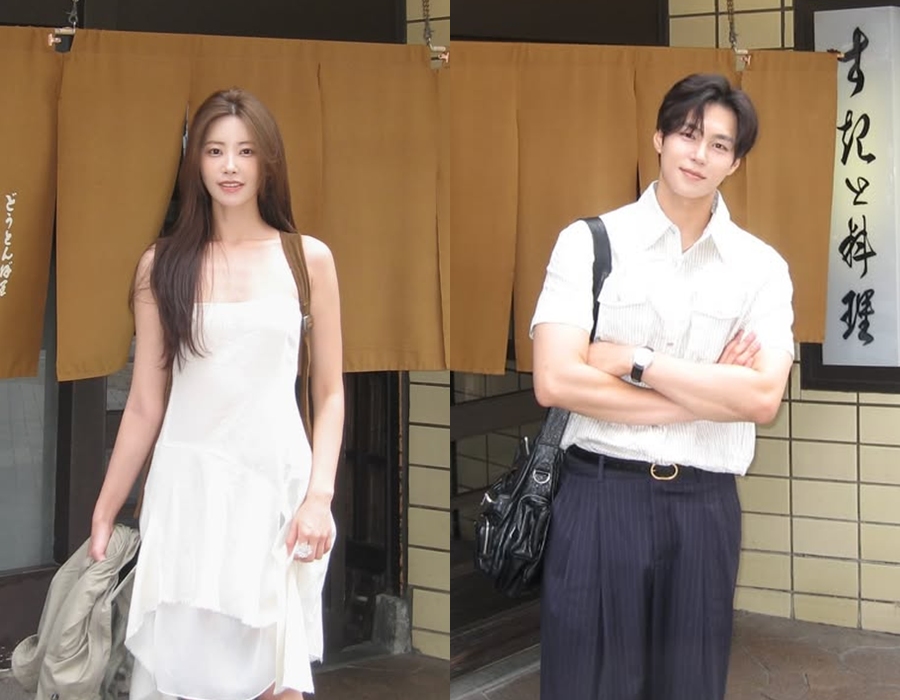 "이제야 알려졌을뿐"…기희현♥이상윤, CCTV보다 SNS가 빨랐다[이슈S]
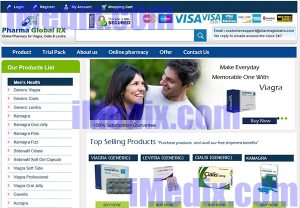 PharmaGlobalRx.com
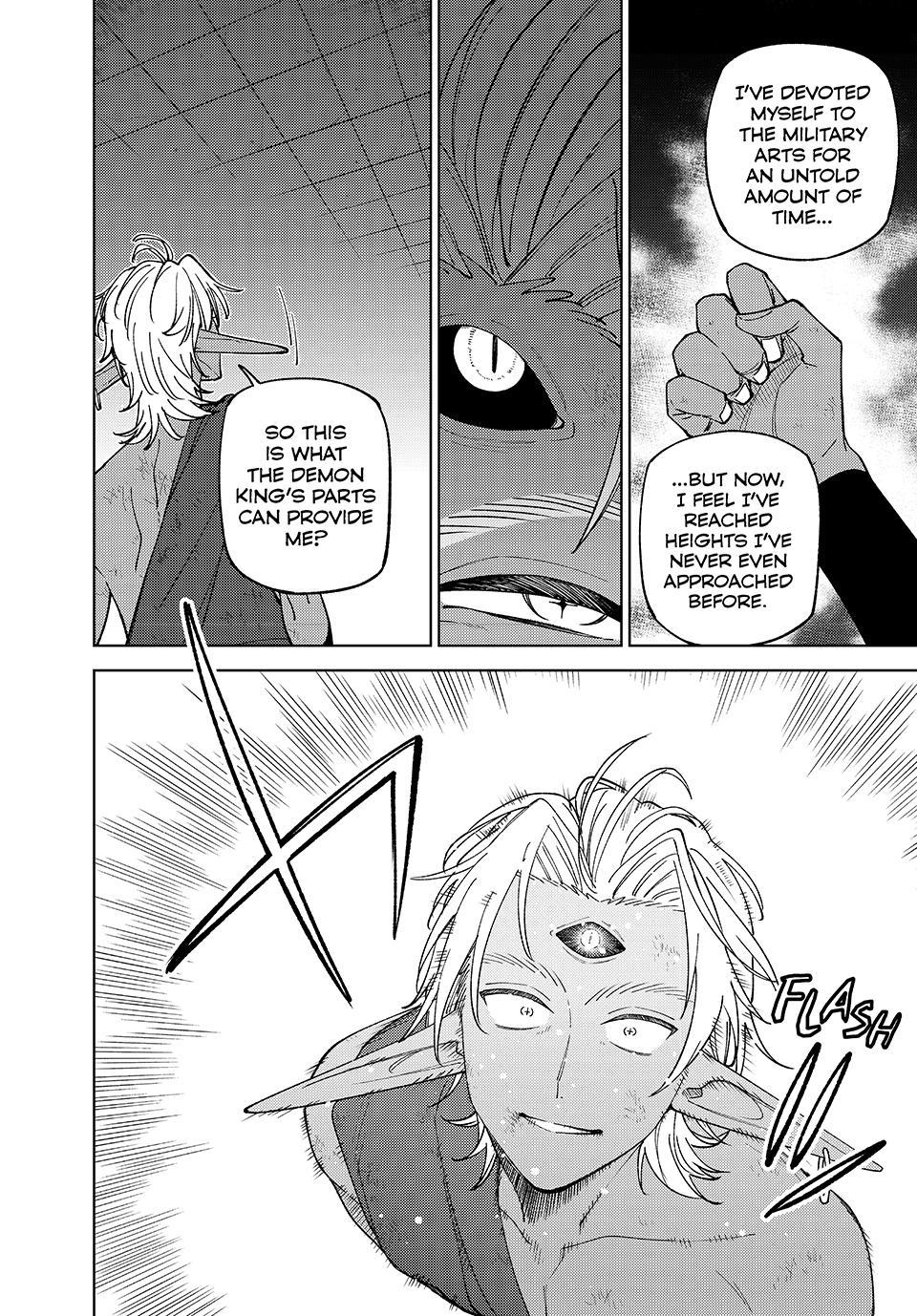 I'm a Curse Crafter, and I Don't Need an S-Rank Party! Chapter 51 18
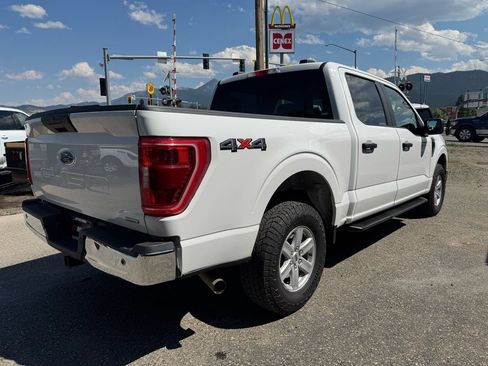 Used 2021 Ford F150 XLT AWD/4WD image 22
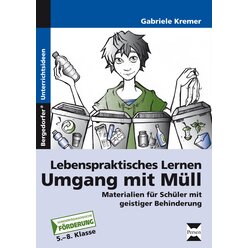 Lebenspraktisches Lernen: Umgang mit Mll, Buch, 5.-8. Klasse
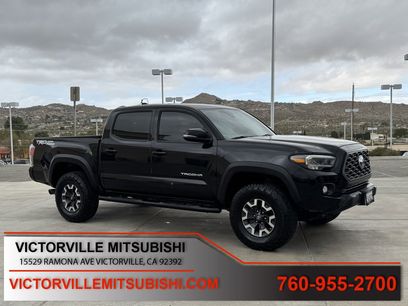 Used 2021 Toyota Tacoma TRD Off-Road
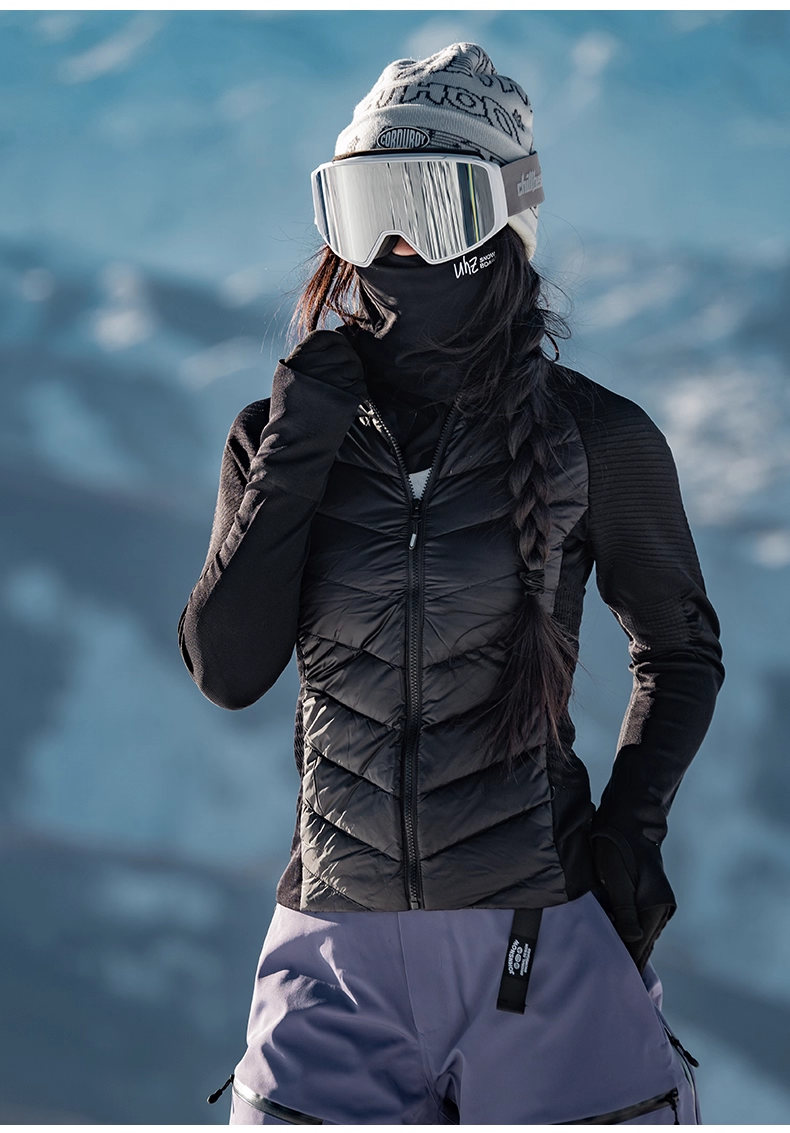 John Snow Skiing Warm Down Ins - Snow Glove Insulated avis et prix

What is required —
From the line containing "Used 2021 Ford F150 XLT AWD/4WD image 22" through the final line of the listing, copy every line exactly and nothing else. Skip the pictures.

Output for this exercise —
 Used 2021 Ford F150 XLT AWD/4WD image 22
 Lebenspraktisches Lernen: Umgang mit Mll, Buch, 5.-8. Klasse
 Used 2021 Toyota Tacoma TRD Off-Road
 John Snow Skiing Warm Down Ins - Snow Glove Insulated avis et prix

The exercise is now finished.